Abstract
Genome-wide association studies (GWAS) have discovered thousands of replicable genetic associations, guiding drug target discovery and powering genetic prediction of human phenotypes and diseases. However, genetic associations can be affected by gene-environment correlations and non-random mating, which can lead to biased inferences in downstream analyses. Family-based GWAS (FGWAS) uses the natural experiment of random assignment of genotype within families to separate out the contribution of direct genetic effects (DGEs) — causal effects of alleles in an individual on an individual — from other factors contributing to genetic associations. Here, we report results from an FGWAS meta-analysis of 34 phenotypes from 17 cohorts. We found evidence that factors uncorrelated with DGEs make substantial contributions to genetic associations for 27 phenotypes, with population stratification confounding — a form of gene-environment correlation — likely the major cause. By estimating SNP heritability and genetic correlations using DGEs, we found evidence that assortative mating has led to overestimation of SNP heritability for 5 phenotypes and overestimation of the degree of shared genetic effects (pleiotropy) between 22 pairs of phenotypes. Polygenic predictors constructed from DGEs are particularly useful for studying natural selection, assortative mating, and indirect genetic effects (effects of relatives’ genes mediated through the family environment). We validate our meta-analysis results by predicting phenotypes in hold-out samples using polygenic predictors constructed from DGEs, achieving statistically significant out-of-sample prediction for 24 phenotypes with little attenuation of predictive power within-families. We provide FGWAS summary statistics for 34 phenotypes that can be used for downstream analyses. Our study provides both a template for performing FGWAS and an argument for its value for debiasing inferences and understanding the impact of environment and mating patterns.

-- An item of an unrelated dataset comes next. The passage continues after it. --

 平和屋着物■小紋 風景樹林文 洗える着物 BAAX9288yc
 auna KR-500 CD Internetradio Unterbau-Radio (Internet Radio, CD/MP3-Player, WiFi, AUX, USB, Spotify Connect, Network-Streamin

Competing Interest Statement
The authors have declared no competing interest.
Funding Statement
The study was supported by Open Philanthropy and the National Institute on Aging/National Institutes of Health through grants R24-AG065184, R01-AG042568, R01-AG083379 (to the University of California, Los Angeles) and R00-AG062787 (to the University of Southern California). This research has been conducted using the UK Biobank Resource under Application Number 11425. See Supplementary Note Section 5 for additional acknowledgements.
Author Declarations
I confirm all relevant ethical guidelines have been followed, and any necessary IRB and/or ethics committee approvals have been obtained.
Yes
The details of the IRB/oversight body that provided approval or exemption for the research described are given below:
We used only previously collected data from 17 cohorts and have included links to relevant publications and ethics approvals for the contributing cohorts in Supplementary Note Section 5.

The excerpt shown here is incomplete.